Other than that, we don't do anything as a group. As you say, I don't want to force togetherness. Near as I can tell, some of them are friends, but not all. They are all professional and friendly, and we have several inter-group collaborations so a paper will have several students who did different parts of the work. But I don't butt into their relationships as long as everyone is collegial. Luckily, it has been a long time since I've had the last real troublemaker in the group.
I think I have occasionally had coffee with a student or postdoc when there was something specific to discuss, but it was more of a walking coffee, as in: I am on my way to get coffee and you want to talk with me, come walk with me and also if you want I am happy to get you a beverage, then we walk right back to my office. As Namnezia in the comments to that post you linked to, I am happy to talk about anything the student wants, but it's at work (my office or the lab).
Thanks for the comment! Most of the colleagues I am close to are much more social with their groups, so it is good to hear that I am not the only one!
I do sometimes take group members for coffee, especially if we are traveling together at a meeting or something. We have a group lunch to send off people who finish (because everyone deserves a celebratory meal, and it is during the workday, so no imposition on personal time), and sometimes we celebrate things like publications or awards at the end of group meeting. That's it for socializing, though I have an open door policy, so my group members can talk to me as much as they like. I am not my group members' friend, and I think it is important to keep boundaries to make that clear.
Yeah, I have several colleagues who do at least one out-of-work-hours group even per year, but usually it's more: annual or even semiannual barbecue at advisor's house, group camping trips, group 5K runs, group outings to local sporting events. Perhaps is builds group cohesion, I don't know; maybe it helps if the students are feeling lonely. But I can't help think that it's incredibly intrusive into junior people's personal time and they can't feel comfortable saying no. I am also uncomfortable with work invading too much of my own personal space, and I can't see myself hosting group gatherings at my house.

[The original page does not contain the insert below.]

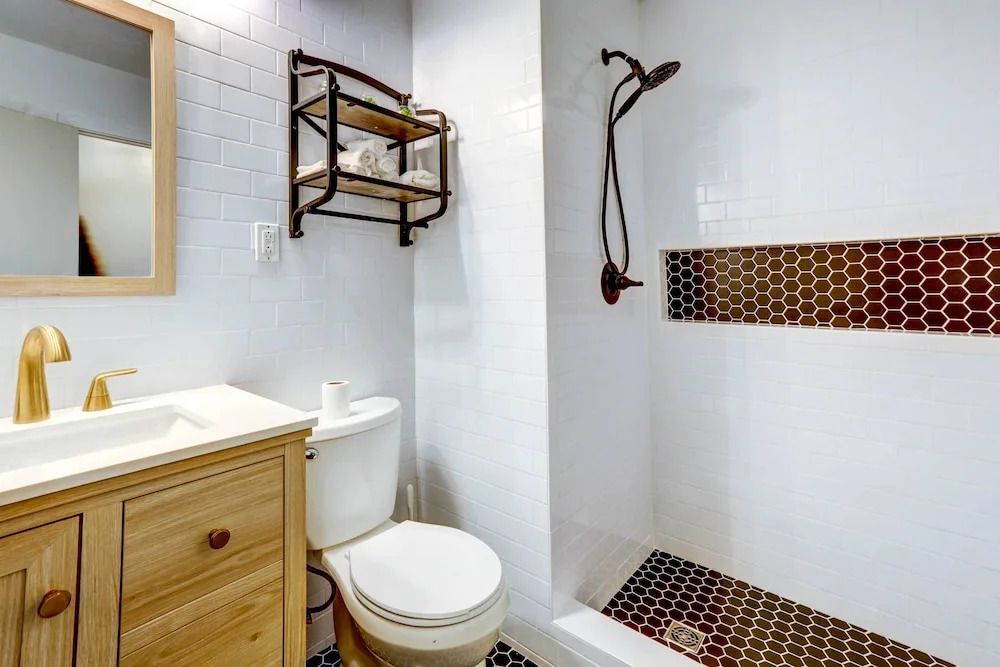 Inviting Frankfort Home Near Bourbon Trail!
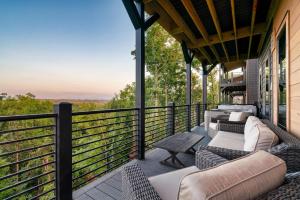 Μπαλκόνι ή βεράντα στο Cozy Cabin Luxe Escape W Private Pool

Anecdote alert! Last fall, there was a conference some 300+ miles from here, and 3 students and I had talks. I drove all 4 of us there and back, about 6 hrs each way (including some minor traffic jams). That was a lot of talking with advisor in the car; by the end of it we were scraping the bottom of the small-talk barrel, things that you don't necessarily want to discuss with advisor ever (e.g., who watches what sitcoms). I think everyone was happy to not see me for a few days afterwards. :) As you say, I am the advisor; I am there to help and support them, but I am not their buddy. It's best to keep the barrier clear.